# Cat Lick/Dog Lick Screensaver



## MacDaddy (Jul 16, 2001)

I was in London Drugs the other day and they had the dog licking the screen screensaver running on a Macbook Pro. I did not have time to check who it was by. 
Anybody know where I can download this? Even better, a cat version?

Thanks! (And no, theslurps.com does not have a Mac version!)


----------



## Another_Paul (Sep 20, 2005)

I saw this at my local London Drugs as well. I can't remember the name...it was for PC/MAC and was about $20 if I recall correctly.


----------



## Roger (Sep 6, 2002)

It might be this page:

http://www.countingdown.com/movies/3562999/news?item_id=3744753

Appears to be some connection to the Must Love Dogs movie. Can't vouch for the download (or the movie for that matter) though. 

Must say a google search for "dog licking screensaver mac" brought up a lot of "interesting" links...


----------



## MacDaddy (Jul 16, 2001)

The Must love dogs one is free, looks terrible and has a large plug for the movie overlayed on it. Grrr.


----------



## wtl (Mar 15, 2006)

But it is cute. I'll go install those on my wife's mini. ;-)


----------



## MacDaddy (Jul 16, 2001)

I called LD and its called Kissing Canines (K9??) but I can't seem to find the companys site that makes it! Anybody heard of it, found it?


----------



## lmbrrt (Dec 22, 2004)

It is listed on the Best Buy site.

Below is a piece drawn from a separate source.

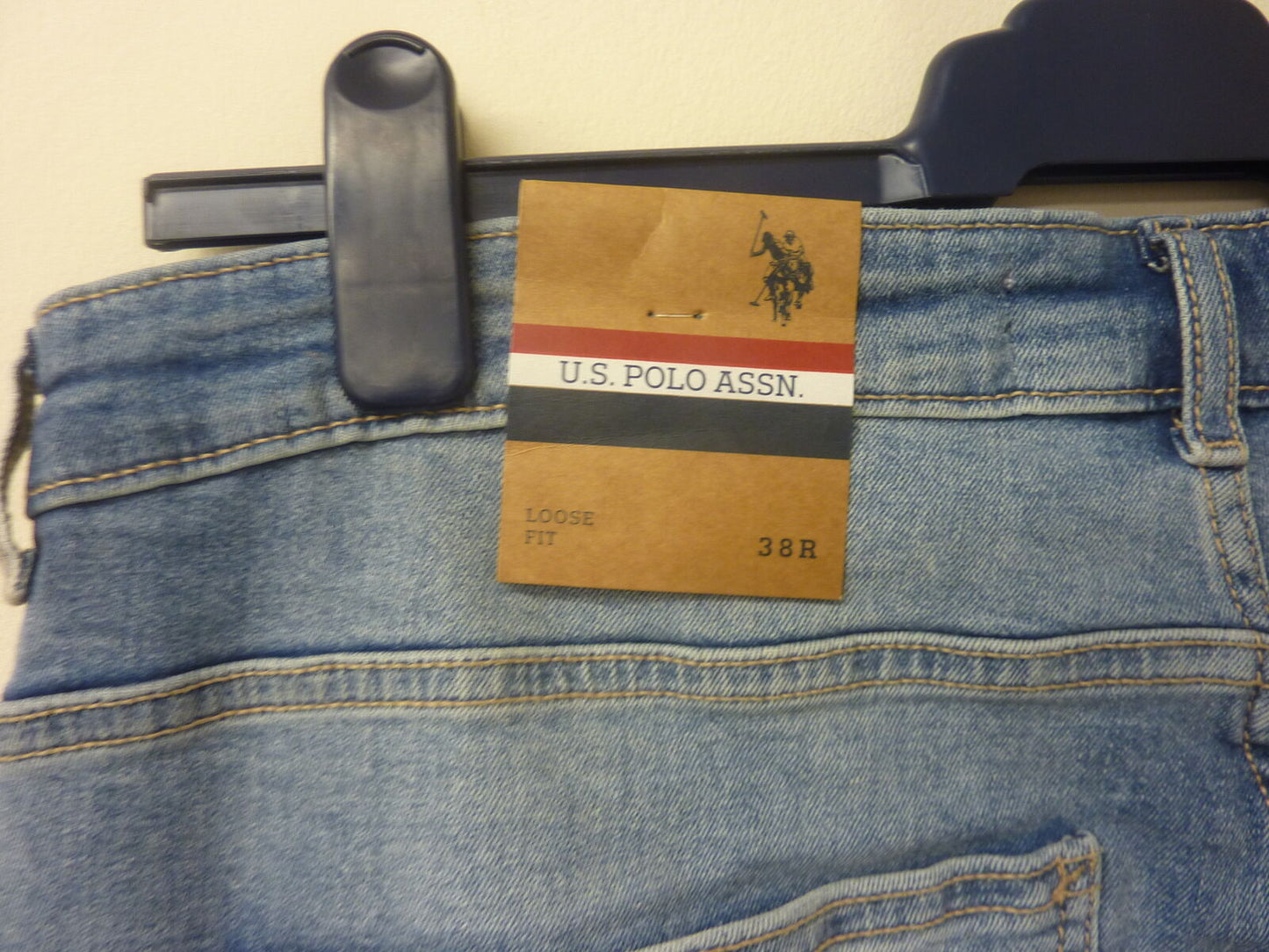 U.S. POLO ASSN. 5 POCKET LOOSE FIT DENIM JEANS-MID WASH-38R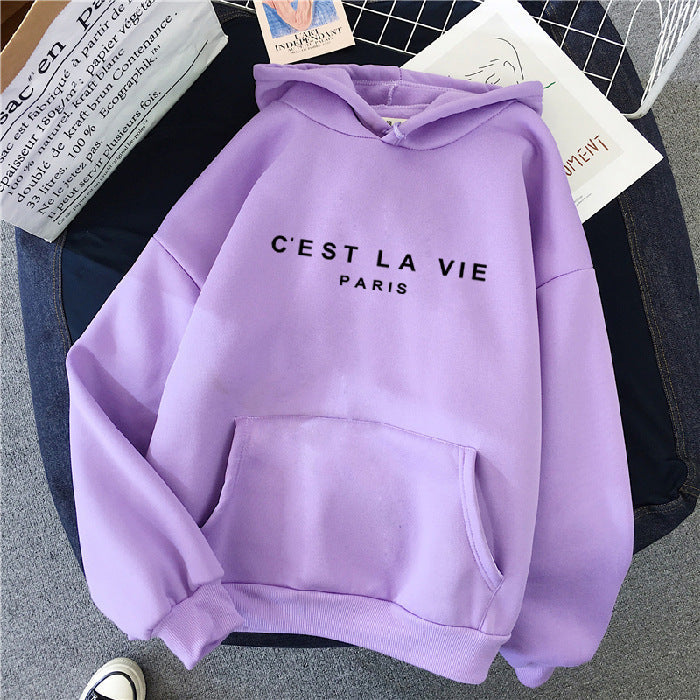 Back view of the Women Paris Print Casual Hoodie | Amirelle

Here is the link

http://www.bestbuy.ca/catalog/proddetail.asp?logon=&langid=EN&sku_id=0926INGFS10079870&catid=21225#


----------



## MacDaddy (Jul 16, 2001)

$20!! Damn!! I still want to see if I can find a Cat one though. Grrrr, CATS RULE!!! hehehe

Thanks for the link though.


----------



## CubaMark (Feb 16, 2001)

Huh. Tried to download the Dog screensaver, but upon installation, I'm told that it won't run on this version of OS X, and I'll need to contact the developer for a new version. Nobody else getting this?

M


----------



## since84 (Jan 9, 2002)

*Removing it?*

I downloaded it and clicked on it to see what it looked like and it automatically installed the screensaver without any way of stopping it. It's now listed in my list of screensaver images and I don't know how to get rid of it. Anyone know how?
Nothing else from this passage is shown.